Problem requirements: Only the text belongs in the copy. Transcribe the data exactly and drop any pictures.

== Record excerpts

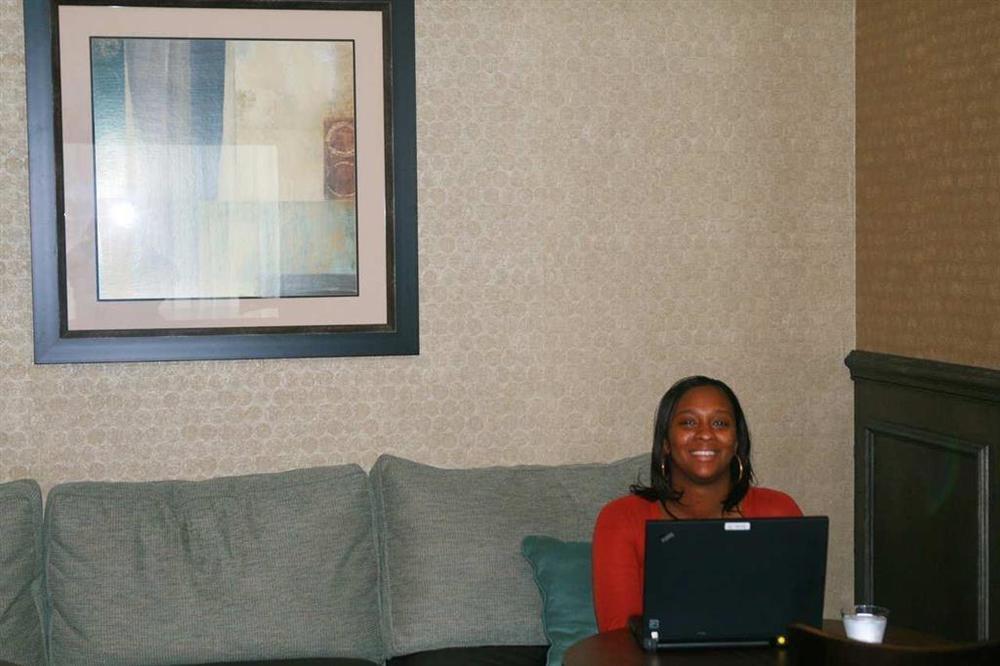 Hampton Inn Wilson Downtown Room photo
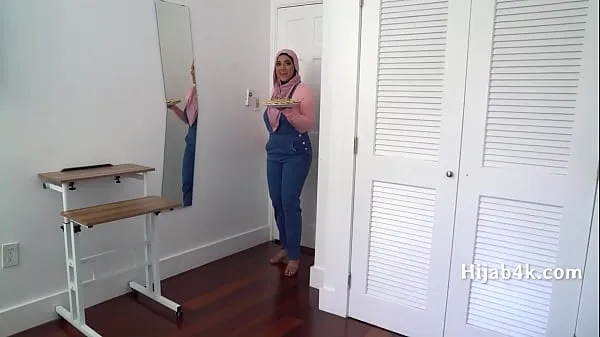 Novi Corrupting My Chubby Hijab Wearing StepNiece topli posnetki
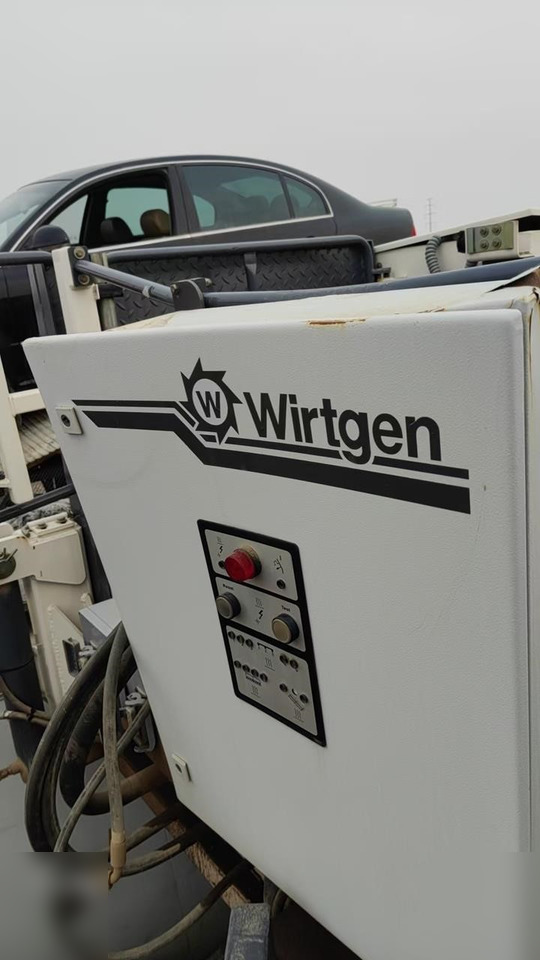 2006 WIRTGEN RX4500 - Стабилизатор за почва: снимка 1 2006 WIRTGEN RX4500 - Стабилизатор за почва: снимка 1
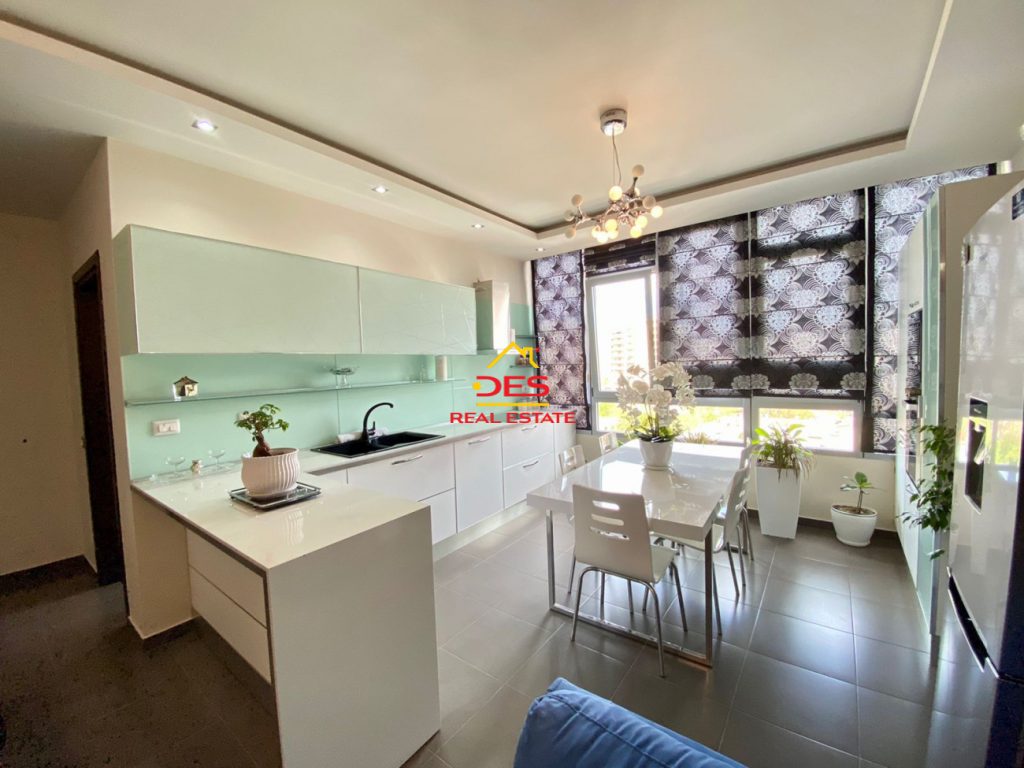 Bild 5 – Zum Verkauf steht eine 2+1 Wohnung am Lungomare, Vlora (Zweite Reihe).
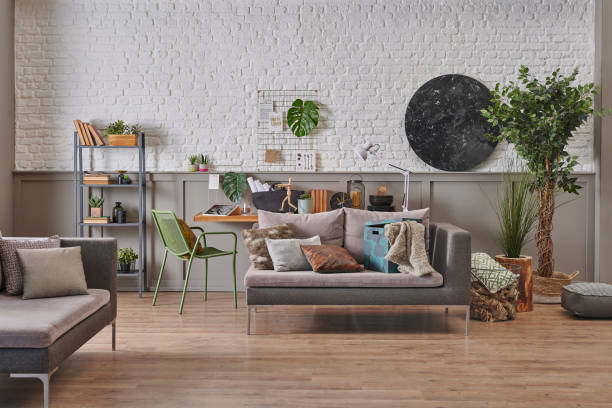 décor d’oreiller de canapé gris moderne dans la chambre, fond de table en bois avec ornement de maison et style étagère, mur classique brun brique blanche, marbre noir. - designer living room brown white photos et images de collection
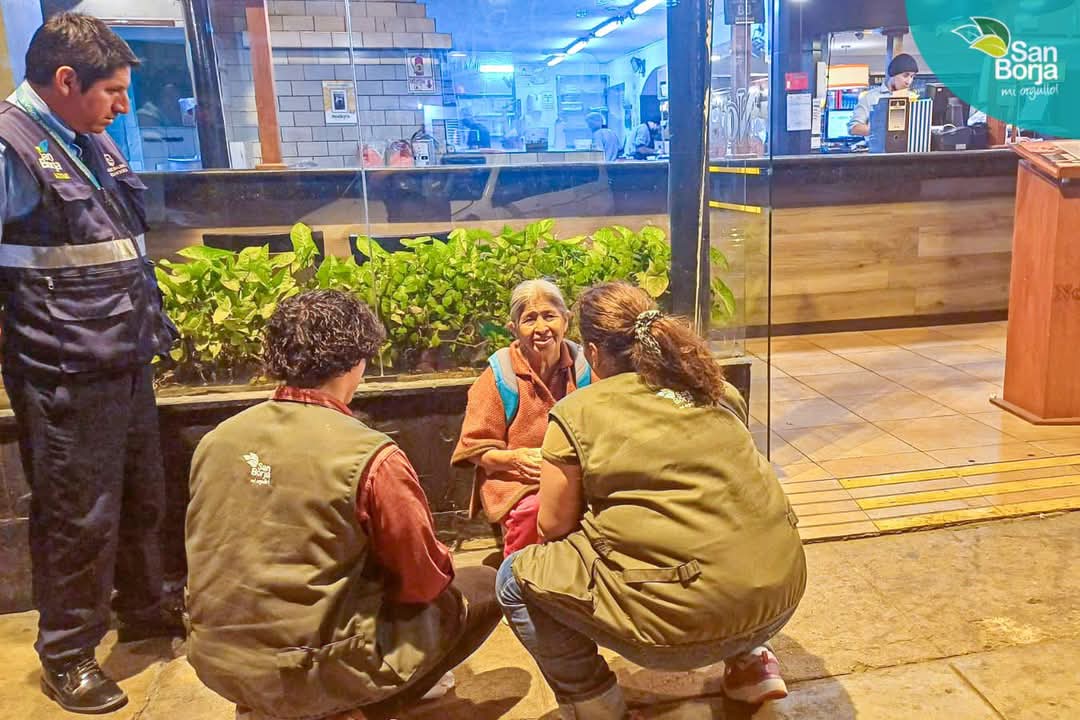 MunideSanBorja's tweet photo. 🤝Seguimos fortaleciendo nuestra labor social en las calles. La Patrulla Social realizó el 5to. Operativo Nocturno, recorriendo cuatro puntos estratégicos del distrito para identificar y brindar asistencia a personas en situación de vulnerabilidad. https://t.co/BojUtItzTl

====

Exercise solution:
 Hampton Inn Wilson Downtown Room photo
 Novi Corrupting My Chubby Hijab Wearing StepNiece topli posnetki
 2006 WIRTGEN RX4500 - Стабилизатор за почва: снимка 1 2006 WIRTGEN RX4500 - Стабилизатор за почва: снимка 1
 Bild 5 – Zum Verkauf steht eine 2+1 Wohnung am Lungomare, Vlora (Zweite Reihe).
 décor d’oreiller de canapé gris moderne dans la chambre, fond de table en bois avec ornement de maison et style étagère, mur classique brun brique blanche, marbre noir. - designer living room brown white photos et images de collection
 MunideSanBorja's tweet photo. 🤝Seguimos fortaleciendo nuestra labor social en las calles. La Patrulla Social realizó el 5to. Operativo Nocturno, recorriendo cuatro puntos estratégicos del distrito para identificar y brindar asistencia a personas en situación de vulnerabilidad. https://t.co/BojUtItzTl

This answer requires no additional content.